Col…Quite agree about Kubelik. He served the music, not himself. That’s something he had in common with Vernon Handley, who admired him very much (and Tod was quite sparing in his admiration for colleagues!). He once said to me that you could tell what Kubelik was conducting even with the sound switched off! Hmm….not SO sure about that, but I saw his point. Would be fun to try it out – a more wacky version of Joseph Cooper’s Dummy Keyboard on BBC-2’s much-missed ‘Face The Music’? I’m sure you know Kubelik’s CBS/Sony remakes of the Schumann symphonies. His first set for Deutsche Grammophon is wonderful too, but there’s more charm from the Bavarians. They’re gorgeous discs. Listen to the chuckling dialogue of first and second violins, left and right, at the start of the Spring Symphony’s finale, and I challenge anyone not to smile.
I attended my only Kubelik London concert in two Brahms symphonies.
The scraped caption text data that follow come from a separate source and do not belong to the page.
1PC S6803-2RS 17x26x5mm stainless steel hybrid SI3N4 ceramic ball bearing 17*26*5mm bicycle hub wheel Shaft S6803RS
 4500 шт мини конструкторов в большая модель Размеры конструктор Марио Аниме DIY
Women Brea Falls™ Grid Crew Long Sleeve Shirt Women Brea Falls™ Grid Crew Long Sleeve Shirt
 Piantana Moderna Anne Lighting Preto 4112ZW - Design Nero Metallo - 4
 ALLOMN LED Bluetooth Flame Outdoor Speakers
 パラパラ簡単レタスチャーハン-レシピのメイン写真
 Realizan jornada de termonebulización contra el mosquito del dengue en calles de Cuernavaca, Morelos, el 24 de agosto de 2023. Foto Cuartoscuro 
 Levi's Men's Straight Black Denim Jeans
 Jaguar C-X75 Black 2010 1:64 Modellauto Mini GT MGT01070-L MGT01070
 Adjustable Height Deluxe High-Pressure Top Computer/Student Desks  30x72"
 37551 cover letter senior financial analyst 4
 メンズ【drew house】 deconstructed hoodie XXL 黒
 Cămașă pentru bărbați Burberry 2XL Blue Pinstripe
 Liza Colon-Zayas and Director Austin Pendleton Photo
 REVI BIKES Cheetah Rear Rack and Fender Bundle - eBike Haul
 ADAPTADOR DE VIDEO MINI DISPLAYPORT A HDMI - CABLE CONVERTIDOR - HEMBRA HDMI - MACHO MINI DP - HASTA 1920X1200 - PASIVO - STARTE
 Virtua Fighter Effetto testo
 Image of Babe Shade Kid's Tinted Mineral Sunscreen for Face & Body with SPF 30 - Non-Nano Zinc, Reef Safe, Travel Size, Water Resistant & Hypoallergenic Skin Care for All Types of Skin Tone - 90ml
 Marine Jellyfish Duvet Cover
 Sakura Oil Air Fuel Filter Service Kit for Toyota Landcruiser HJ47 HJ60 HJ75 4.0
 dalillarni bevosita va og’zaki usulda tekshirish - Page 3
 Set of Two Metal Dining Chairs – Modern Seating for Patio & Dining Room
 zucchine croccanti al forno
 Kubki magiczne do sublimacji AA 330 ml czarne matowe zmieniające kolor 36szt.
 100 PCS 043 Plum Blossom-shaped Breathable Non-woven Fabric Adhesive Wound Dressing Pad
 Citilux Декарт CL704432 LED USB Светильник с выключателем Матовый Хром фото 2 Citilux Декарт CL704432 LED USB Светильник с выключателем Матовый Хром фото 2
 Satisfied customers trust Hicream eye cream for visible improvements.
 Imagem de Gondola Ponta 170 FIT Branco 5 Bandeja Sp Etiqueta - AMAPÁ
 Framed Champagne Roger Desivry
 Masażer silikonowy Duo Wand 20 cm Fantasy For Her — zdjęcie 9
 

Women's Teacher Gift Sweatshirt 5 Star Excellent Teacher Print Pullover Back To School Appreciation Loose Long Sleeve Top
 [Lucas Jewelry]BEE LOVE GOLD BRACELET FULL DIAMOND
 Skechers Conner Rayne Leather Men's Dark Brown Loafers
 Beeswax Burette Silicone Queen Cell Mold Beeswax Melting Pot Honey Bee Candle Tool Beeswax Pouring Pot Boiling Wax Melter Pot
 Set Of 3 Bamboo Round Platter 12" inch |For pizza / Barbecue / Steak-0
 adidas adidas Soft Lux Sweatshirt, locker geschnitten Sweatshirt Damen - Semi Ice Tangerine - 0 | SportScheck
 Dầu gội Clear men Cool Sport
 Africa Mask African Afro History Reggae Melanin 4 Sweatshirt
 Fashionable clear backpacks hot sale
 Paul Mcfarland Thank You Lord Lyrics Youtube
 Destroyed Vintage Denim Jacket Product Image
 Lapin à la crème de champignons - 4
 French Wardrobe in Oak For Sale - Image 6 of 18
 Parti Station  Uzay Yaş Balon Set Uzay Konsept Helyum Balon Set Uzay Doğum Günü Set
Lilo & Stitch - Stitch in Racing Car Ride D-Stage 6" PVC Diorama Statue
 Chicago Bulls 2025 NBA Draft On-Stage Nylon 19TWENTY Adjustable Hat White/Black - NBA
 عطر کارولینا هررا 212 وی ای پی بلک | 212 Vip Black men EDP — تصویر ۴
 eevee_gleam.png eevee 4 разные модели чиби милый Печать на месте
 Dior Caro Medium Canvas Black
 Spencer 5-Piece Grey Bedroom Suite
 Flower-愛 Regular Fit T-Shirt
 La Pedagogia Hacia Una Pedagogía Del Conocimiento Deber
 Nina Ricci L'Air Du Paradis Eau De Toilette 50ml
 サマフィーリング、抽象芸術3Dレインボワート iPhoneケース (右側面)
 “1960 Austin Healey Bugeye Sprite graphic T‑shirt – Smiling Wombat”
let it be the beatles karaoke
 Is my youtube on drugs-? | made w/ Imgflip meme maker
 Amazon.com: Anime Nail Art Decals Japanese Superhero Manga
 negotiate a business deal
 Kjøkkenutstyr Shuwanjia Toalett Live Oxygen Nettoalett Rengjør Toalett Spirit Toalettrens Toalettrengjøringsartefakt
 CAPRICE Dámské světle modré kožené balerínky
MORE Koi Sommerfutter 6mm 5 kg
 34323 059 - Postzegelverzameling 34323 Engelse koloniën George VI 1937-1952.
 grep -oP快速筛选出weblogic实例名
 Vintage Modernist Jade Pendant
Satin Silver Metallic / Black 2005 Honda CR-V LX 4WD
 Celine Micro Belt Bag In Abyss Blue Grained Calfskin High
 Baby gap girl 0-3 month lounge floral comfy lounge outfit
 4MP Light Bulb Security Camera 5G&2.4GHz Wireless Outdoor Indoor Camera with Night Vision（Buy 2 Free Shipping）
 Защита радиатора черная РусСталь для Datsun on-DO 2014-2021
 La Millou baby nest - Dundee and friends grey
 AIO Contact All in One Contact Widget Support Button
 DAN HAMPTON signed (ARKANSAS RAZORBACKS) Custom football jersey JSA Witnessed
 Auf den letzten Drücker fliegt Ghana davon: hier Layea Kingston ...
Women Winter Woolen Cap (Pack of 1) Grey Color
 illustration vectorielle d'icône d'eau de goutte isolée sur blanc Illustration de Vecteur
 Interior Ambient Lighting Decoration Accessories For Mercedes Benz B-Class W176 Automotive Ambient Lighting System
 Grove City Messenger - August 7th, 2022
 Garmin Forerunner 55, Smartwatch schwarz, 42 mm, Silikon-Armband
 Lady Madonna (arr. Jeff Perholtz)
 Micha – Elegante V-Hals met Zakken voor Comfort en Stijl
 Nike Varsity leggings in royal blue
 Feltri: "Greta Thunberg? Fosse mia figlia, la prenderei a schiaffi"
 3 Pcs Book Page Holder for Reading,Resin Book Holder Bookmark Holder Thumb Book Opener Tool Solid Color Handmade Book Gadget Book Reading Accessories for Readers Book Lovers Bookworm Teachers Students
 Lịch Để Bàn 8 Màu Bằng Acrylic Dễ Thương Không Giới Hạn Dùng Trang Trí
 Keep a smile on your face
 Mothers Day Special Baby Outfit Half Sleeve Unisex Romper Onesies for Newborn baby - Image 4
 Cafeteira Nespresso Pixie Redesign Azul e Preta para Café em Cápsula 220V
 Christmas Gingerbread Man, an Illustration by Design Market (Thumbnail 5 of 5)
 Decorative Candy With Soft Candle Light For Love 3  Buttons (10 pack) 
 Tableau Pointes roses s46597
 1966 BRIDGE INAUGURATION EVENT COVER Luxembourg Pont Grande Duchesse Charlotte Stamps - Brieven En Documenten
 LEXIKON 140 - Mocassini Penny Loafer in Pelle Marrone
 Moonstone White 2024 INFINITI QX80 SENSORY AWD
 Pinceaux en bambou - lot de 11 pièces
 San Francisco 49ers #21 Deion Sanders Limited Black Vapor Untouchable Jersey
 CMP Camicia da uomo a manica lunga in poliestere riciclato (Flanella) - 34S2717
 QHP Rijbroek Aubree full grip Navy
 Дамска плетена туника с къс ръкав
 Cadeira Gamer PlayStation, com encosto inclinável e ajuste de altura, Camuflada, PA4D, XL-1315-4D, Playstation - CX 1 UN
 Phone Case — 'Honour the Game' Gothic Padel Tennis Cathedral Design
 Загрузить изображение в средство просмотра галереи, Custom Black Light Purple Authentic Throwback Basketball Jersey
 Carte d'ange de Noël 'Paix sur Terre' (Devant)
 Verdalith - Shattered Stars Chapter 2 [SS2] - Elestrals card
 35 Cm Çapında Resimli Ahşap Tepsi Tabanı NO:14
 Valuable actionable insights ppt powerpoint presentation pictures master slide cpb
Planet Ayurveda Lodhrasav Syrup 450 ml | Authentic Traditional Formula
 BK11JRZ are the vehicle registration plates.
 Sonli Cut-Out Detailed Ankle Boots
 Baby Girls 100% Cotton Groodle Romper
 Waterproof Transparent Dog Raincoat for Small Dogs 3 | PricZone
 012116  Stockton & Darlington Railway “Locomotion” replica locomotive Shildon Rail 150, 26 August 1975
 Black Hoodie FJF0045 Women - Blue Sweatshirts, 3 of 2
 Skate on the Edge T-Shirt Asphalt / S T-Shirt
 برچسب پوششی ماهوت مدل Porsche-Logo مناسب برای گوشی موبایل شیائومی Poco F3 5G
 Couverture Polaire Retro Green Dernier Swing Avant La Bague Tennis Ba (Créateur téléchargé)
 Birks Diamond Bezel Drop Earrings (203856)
My companion, the master pianist Martino Tirimo learned over and whispered “it is like hearing Brahms conduct his own music”. Never a truer word. I remain a huge fan. His Mahler has been dismissed as “lightweight”. Rubbish. It is the critic who is deficient in spotting a true genius in the interpretation of Mahler. Kubelik was simply for me one of the greatest conductors of the 20th century. His Mozart, in which I have multiple versions, might lack modern conventions for repeats but when he did concur I wished the performance would never end. A bit like Beecham really!!
That would be Brahms 3 & 4 with the LSO. In that same visit RK coupled the Prague Symphony with Bruckner 9.